• Exercise directions:
In the lines below, look for "Road". Copy each line where it appears.

• Entries shown:
● ● ●

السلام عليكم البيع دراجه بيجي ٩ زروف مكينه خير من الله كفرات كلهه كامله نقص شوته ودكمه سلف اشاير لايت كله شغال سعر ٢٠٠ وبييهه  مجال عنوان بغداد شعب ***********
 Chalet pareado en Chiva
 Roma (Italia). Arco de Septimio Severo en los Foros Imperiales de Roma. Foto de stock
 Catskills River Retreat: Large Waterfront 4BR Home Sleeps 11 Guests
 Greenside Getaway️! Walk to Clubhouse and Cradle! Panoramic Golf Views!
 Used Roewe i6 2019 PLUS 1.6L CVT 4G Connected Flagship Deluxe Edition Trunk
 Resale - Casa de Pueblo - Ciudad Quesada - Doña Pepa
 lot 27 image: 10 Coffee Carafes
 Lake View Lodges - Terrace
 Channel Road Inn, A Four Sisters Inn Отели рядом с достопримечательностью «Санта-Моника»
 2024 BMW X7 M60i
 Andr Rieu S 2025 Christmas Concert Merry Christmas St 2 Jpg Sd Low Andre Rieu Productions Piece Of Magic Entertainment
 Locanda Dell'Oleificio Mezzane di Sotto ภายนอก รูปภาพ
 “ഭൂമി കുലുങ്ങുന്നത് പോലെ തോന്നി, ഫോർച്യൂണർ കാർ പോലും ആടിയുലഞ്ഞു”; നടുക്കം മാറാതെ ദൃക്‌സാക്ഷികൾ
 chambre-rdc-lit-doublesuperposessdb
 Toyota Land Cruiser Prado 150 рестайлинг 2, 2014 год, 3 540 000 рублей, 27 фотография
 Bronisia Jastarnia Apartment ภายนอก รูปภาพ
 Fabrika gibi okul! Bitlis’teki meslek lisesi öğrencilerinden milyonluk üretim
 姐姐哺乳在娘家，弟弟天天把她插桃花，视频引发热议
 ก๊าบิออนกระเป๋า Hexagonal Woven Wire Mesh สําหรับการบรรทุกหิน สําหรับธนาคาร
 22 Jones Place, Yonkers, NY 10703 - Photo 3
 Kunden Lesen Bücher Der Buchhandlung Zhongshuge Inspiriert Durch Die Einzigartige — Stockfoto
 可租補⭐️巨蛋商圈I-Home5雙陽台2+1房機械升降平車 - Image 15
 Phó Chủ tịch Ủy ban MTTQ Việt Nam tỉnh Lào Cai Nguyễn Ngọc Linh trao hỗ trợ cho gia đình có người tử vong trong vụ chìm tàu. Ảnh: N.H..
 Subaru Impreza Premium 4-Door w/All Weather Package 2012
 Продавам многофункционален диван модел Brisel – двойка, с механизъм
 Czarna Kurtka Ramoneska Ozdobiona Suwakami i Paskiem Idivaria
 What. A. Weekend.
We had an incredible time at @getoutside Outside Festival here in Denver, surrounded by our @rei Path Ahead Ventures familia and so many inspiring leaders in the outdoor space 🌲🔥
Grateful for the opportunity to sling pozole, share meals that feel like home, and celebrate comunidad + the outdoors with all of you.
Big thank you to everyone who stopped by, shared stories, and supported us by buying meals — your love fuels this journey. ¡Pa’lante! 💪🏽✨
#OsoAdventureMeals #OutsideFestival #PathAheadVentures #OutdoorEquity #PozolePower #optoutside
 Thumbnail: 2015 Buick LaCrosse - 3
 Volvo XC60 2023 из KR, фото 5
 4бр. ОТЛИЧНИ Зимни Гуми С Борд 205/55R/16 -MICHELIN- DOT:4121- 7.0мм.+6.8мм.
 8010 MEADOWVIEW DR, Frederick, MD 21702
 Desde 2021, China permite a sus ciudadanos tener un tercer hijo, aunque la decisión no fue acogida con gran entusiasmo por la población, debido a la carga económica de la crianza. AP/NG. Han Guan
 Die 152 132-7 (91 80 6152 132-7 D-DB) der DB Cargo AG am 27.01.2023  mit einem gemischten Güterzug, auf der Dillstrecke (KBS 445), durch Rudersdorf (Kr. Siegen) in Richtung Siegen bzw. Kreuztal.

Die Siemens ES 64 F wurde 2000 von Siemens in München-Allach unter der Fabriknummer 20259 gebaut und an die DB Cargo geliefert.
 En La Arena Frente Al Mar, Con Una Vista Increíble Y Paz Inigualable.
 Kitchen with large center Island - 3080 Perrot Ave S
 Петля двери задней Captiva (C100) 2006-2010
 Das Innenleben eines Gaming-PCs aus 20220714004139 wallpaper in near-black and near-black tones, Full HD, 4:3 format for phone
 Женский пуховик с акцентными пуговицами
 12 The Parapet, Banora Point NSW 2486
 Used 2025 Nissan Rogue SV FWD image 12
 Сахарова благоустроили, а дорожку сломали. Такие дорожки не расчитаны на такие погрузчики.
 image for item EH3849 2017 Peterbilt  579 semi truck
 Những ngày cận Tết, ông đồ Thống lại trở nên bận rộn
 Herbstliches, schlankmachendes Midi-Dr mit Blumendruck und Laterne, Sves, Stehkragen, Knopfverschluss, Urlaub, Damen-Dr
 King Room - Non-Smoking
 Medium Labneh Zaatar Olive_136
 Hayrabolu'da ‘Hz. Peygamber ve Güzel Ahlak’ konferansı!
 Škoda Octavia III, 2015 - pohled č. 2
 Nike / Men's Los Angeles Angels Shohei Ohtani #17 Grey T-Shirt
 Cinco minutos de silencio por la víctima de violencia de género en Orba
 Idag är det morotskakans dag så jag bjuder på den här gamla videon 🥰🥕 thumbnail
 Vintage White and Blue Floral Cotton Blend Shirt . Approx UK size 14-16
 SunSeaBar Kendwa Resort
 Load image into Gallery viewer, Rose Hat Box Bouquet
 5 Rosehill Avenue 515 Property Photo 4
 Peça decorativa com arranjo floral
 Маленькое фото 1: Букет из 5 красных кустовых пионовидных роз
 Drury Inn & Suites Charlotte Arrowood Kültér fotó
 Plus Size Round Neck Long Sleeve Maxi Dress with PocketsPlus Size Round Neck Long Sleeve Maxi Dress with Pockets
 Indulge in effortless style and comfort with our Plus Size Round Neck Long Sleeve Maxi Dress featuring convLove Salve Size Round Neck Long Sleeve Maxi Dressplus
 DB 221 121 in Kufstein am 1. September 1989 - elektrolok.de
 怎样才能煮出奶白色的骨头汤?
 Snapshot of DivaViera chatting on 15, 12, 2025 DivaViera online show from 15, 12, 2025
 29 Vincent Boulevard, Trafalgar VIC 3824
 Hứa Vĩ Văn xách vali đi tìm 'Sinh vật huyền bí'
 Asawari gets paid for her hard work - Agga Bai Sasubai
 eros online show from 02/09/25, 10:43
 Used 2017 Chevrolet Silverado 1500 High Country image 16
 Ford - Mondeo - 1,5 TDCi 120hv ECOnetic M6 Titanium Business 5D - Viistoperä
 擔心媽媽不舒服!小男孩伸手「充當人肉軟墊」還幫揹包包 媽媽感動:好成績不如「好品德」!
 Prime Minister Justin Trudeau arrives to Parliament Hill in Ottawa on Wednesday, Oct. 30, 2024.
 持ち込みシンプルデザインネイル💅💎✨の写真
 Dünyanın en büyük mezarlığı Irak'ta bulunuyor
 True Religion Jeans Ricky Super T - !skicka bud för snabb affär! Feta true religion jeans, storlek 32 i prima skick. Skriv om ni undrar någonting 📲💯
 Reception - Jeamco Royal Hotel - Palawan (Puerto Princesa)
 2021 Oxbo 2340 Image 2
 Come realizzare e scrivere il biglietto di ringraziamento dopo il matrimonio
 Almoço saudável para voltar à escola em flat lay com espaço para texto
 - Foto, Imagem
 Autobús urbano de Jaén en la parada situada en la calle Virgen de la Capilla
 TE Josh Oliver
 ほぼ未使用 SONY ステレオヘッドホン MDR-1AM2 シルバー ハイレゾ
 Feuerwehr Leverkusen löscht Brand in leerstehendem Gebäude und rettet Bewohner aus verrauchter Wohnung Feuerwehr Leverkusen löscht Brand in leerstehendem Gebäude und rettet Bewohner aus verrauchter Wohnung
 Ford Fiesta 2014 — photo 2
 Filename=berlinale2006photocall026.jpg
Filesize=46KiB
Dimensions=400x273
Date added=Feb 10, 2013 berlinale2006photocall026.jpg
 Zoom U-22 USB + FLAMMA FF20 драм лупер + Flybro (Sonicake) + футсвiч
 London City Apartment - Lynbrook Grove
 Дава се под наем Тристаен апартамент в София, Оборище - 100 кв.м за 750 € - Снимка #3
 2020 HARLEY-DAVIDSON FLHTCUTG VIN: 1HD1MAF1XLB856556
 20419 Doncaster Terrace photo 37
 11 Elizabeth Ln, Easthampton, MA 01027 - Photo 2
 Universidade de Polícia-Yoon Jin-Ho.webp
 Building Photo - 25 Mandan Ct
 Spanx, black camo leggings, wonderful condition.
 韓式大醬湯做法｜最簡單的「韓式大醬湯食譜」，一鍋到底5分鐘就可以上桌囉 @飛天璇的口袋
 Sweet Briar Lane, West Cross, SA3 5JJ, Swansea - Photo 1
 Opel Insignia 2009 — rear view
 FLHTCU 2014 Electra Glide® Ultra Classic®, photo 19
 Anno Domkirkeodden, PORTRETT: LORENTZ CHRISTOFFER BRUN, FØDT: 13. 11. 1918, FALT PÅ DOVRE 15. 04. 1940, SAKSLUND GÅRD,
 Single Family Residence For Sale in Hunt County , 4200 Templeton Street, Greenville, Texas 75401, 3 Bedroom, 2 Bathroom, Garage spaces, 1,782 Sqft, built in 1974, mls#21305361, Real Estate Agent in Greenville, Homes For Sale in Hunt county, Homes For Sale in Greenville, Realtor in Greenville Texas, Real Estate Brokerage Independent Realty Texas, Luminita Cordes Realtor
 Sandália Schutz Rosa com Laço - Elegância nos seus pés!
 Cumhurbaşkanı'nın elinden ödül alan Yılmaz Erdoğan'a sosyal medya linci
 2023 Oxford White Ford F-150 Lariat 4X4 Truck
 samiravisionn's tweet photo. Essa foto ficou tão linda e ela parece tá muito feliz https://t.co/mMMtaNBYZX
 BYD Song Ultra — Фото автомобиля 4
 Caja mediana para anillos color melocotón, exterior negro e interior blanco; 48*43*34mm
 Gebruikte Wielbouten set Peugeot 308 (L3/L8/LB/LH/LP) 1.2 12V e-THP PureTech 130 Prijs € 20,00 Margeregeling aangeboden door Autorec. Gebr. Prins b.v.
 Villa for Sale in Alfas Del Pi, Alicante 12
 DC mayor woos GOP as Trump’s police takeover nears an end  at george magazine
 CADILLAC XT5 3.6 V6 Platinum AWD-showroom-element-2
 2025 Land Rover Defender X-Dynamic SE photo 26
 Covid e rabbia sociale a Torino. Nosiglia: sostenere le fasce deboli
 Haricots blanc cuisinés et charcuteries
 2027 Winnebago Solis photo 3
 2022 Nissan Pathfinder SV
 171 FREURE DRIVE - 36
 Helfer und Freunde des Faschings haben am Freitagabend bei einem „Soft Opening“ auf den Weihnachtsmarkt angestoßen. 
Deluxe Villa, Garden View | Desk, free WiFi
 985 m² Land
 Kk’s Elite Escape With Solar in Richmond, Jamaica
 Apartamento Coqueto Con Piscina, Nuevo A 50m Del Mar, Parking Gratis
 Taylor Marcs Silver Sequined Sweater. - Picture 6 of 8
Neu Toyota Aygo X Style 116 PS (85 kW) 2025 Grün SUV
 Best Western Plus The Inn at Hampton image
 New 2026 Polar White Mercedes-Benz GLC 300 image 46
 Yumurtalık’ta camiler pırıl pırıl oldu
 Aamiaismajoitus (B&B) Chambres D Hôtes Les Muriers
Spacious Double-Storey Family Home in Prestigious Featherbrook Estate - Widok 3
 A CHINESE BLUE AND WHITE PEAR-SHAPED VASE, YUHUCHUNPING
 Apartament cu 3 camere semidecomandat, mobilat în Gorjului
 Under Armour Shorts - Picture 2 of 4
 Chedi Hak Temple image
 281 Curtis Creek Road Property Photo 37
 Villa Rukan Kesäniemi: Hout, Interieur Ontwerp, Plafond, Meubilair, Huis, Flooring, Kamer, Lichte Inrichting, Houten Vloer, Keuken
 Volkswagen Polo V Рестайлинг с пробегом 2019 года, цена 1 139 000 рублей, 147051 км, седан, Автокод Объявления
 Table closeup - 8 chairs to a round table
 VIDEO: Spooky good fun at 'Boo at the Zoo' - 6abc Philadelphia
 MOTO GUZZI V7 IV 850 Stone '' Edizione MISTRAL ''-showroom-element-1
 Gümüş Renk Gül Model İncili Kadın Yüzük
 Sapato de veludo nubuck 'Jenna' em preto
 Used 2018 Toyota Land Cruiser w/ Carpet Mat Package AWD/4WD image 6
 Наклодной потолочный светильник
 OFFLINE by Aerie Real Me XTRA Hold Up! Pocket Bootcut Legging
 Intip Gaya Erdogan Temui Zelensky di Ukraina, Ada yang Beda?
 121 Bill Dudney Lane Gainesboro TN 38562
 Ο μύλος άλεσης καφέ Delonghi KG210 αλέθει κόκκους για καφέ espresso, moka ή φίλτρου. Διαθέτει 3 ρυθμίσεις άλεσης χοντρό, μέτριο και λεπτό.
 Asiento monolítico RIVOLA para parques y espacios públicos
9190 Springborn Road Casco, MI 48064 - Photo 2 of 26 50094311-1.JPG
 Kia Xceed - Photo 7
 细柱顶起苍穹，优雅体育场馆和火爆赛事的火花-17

● ● ●

• Your solution:
 Channel Road Inn, A Four Sisters Inn Отели рядом с достопримечательностью «Санта-Моника»
 281 Curtis Creek Road Property Photo 37
9190 Springborn Road Casco, MI 48064 - Photo 2 of 26 50094311-1.JPG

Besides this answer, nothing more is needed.